Records from a data source:
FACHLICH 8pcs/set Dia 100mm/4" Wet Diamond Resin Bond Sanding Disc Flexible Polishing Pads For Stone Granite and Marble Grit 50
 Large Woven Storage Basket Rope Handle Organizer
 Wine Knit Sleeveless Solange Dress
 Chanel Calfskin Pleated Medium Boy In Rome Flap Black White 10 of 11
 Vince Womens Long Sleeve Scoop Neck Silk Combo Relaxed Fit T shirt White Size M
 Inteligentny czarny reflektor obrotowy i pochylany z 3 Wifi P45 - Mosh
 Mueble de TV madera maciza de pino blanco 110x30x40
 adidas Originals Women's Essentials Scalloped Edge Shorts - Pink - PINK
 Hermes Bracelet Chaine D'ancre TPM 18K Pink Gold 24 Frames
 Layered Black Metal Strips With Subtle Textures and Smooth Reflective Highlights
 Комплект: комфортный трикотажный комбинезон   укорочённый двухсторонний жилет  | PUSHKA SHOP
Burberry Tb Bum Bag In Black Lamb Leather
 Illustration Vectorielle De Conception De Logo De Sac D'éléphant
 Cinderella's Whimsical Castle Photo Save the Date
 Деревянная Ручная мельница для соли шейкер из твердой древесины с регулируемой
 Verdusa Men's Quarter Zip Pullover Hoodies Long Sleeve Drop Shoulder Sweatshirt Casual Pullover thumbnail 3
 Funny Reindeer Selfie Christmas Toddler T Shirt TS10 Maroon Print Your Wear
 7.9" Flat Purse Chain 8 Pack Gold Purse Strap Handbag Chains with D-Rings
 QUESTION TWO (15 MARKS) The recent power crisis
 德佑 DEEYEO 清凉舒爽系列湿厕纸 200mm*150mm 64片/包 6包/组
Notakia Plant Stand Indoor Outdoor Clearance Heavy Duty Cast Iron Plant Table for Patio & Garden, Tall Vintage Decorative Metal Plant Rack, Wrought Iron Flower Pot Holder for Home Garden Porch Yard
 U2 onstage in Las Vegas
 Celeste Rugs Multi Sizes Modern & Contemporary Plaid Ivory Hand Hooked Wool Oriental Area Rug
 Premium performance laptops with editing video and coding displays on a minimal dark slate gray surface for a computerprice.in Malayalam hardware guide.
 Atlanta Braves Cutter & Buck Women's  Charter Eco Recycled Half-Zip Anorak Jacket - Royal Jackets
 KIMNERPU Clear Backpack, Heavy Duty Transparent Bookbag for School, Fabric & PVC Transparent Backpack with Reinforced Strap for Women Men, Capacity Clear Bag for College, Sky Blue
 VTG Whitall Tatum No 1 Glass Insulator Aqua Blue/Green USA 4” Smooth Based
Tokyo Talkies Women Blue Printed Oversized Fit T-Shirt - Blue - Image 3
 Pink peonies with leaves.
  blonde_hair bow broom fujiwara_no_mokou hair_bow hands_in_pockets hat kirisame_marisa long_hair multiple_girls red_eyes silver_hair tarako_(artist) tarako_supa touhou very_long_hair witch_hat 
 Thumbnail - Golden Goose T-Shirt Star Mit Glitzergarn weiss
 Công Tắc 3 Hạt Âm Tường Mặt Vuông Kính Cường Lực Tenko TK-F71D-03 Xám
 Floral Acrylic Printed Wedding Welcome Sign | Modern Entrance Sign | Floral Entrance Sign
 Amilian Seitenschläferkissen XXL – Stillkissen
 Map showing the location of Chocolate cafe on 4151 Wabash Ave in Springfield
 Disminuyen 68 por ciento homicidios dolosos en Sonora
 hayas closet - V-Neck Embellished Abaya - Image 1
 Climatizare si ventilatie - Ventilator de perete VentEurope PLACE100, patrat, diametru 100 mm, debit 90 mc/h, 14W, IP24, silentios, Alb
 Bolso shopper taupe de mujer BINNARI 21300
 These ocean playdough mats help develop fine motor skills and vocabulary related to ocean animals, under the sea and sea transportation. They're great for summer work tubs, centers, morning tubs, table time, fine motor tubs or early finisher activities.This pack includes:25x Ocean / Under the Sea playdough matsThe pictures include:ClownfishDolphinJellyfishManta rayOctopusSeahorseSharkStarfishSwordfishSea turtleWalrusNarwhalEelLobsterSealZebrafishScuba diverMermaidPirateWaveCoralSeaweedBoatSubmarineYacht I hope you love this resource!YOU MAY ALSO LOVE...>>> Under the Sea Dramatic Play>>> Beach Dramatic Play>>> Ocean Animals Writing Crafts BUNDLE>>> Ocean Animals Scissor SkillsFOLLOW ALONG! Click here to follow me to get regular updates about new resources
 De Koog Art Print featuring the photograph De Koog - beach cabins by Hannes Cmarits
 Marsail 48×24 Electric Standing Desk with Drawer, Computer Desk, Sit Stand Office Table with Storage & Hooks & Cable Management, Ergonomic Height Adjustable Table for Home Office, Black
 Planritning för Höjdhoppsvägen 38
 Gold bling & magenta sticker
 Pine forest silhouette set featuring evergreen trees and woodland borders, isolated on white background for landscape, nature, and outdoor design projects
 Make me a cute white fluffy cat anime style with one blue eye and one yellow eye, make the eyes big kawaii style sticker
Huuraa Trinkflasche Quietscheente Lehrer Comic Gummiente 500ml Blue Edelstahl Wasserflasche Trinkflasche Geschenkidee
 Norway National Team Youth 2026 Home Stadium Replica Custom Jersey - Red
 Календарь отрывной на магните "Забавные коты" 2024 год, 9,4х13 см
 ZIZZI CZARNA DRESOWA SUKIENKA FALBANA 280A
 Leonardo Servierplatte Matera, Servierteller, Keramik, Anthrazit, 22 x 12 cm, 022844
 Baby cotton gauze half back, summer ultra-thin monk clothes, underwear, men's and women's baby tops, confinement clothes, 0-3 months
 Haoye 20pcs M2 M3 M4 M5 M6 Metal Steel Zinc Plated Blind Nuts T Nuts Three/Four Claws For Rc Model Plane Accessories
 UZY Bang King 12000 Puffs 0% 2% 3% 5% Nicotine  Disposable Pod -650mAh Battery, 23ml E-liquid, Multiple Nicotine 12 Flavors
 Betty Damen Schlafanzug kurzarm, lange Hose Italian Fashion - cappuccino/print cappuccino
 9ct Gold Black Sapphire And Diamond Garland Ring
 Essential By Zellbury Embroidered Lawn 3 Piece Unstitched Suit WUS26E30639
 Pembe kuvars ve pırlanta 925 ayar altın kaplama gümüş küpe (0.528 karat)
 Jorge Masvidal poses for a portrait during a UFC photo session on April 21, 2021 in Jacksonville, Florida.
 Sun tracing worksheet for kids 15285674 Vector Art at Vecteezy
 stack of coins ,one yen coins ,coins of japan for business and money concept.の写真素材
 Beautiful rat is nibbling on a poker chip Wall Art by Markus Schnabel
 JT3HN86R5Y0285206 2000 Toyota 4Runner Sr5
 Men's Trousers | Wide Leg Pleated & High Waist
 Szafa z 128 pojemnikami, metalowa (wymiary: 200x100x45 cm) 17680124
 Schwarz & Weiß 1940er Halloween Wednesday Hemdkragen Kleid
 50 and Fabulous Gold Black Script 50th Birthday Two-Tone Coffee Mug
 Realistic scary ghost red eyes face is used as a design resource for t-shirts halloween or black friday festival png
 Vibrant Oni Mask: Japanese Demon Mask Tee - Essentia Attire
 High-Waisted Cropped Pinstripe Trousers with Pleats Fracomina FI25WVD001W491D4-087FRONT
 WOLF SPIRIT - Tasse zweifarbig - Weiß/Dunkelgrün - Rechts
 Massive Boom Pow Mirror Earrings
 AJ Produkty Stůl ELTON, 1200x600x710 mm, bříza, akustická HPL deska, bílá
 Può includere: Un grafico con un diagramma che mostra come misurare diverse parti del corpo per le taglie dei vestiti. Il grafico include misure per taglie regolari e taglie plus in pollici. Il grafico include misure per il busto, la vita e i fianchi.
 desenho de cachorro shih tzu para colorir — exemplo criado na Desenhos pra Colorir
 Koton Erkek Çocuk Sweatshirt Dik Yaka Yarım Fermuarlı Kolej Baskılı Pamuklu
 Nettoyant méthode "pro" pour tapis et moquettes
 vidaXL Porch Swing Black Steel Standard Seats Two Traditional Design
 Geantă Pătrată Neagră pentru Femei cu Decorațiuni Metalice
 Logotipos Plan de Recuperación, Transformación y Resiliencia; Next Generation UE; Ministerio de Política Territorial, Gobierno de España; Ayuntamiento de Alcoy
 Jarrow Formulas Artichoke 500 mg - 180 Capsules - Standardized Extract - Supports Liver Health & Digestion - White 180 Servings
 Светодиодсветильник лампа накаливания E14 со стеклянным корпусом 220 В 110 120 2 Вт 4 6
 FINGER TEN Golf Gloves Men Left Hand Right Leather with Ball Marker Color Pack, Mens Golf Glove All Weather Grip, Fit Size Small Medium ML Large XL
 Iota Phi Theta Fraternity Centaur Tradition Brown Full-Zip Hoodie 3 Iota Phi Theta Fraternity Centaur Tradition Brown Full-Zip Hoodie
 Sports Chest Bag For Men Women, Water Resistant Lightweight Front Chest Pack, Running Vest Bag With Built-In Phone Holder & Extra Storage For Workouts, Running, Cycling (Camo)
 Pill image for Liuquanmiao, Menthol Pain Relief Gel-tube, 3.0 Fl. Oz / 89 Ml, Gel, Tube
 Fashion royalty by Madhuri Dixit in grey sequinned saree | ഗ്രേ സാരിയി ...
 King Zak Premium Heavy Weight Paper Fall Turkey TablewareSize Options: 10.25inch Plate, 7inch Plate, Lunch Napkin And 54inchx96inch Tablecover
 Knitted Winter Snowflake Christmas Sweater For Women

Task requirements:
Find the word "Leather" in the entries above. Copy every line that has it.

Output of the exercise:
Burberry Tb Bum Bag In Black Lamb Leather
 FINGER TEN Golf Gloves Men Left Hand Right Leather with Ball Marker Color Pack, Mens Golf Glove All Weather Grip, Fit Size Small Medium ML Large XL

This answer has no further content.